◆ WHAT YOU NEED TO DO: Lines that include "House" make up the answer; copy all of them from the data below.

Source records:
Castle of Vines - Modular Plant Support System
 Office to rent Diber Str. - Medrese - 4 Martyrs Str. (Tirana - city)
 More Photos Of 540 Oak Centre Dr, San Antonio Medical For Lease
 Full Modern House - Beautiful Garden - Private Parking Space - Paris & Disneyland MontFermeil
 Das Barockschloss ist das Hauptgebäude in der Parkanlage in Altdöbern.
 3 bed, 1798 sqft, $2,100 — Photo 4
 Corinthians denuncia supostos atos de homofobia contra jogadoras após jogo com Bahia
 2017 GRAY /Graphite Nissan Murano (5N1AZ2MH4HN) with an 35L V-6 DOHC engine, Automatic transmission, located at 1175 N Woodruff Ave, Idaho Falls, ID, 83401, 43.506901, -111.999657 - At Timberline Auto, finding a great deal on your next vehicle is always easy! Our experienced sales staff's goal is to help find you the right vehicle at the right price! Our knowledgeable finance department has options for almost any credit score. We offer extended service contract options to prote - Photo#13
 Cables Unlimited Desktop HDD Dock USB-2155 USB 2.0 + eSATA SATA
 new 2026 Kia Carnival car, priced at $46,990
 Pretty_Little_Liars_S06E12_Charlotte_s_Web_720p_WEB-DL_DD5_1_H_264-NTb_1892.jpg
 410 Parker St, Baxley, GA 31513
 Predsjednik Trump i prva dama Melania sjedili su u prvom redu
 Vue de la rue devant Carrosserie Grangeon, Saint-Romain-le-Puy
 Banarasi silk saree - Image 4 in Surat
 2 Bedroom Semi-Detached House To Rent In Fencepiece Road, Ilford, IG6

◆ RESULT:
 Full Modern House - Beautiful Garden - Private Parking Space - Paris & Disneyland MontFermeil
 2 Bedroom Semi-Detached House To Rent In Fencepiece Road, Ilford, IG6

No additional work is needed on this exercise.